Finances publiques : une (ir)responsabilité collective - Par Victor Fouquet
De 2023 à 2024, les améliorations budgétaires n’en sont pas. Le délabrement des comptes se poursuit dans le pays le plus fiscalisé du monde.
Article paru dans le numéro 49 de janvier 2024 – Israël. La guerre sans fin.

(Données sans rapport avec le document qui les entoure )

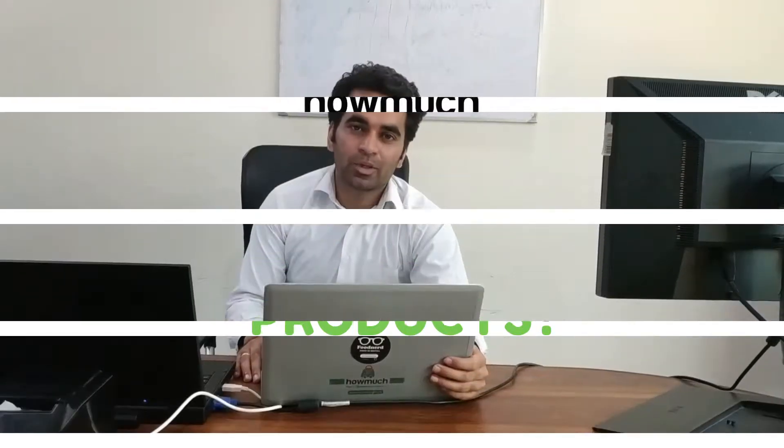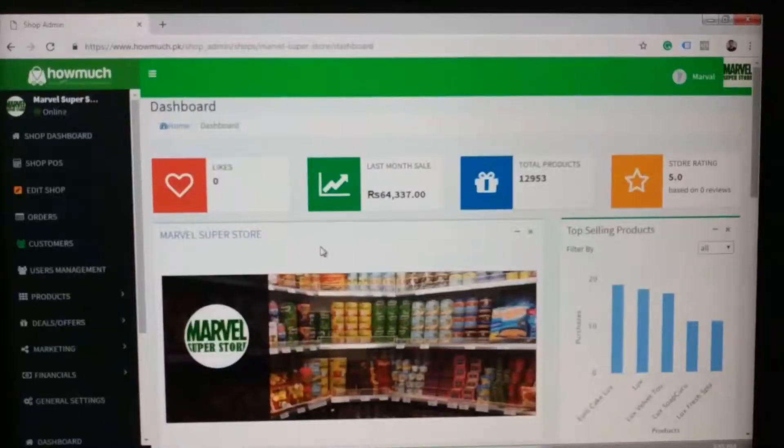Now I am going to tell you how to upload the product in Howmuch features. Basically, there are two methods. The first one is through CSV file and the other one is by adding the product manually.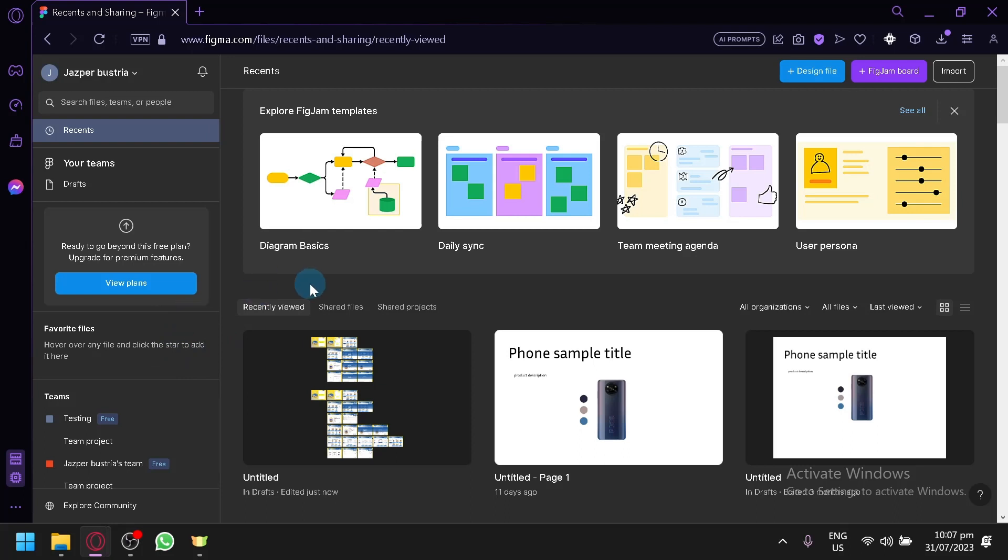In today's video we will be discussing this platform called Figma and we will be teaching you how you will be able to turn your Figma design into React.js or any code actually.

Chaque automne, le débat budgétaire demeure le moment fort de la vie parlementaire. Cette année, l’examen du projet de loi de finances (PLF) pour 2024 a été précédé de celui du projet de loi de finances de fin de gestion (PLFFG) pour 2023, premier du genre depuis la réforme de la loi organique relative aux lois de finances (la « LOLF » faisant en France office de « constitution financière » de l’État) intervenue fin 2021. Institutionnalisant une bonne pratique mise en œuvre depuis 2018, ce texte ad hoc aura désormais vocation à ajuster, en fin d’année, les crédits budgétaires et le solde public de l’exercice en cours, renvoyant au seul projet de loi de finances les débats fiscaux annuels, qui s’y trouveront ainsi concentrés.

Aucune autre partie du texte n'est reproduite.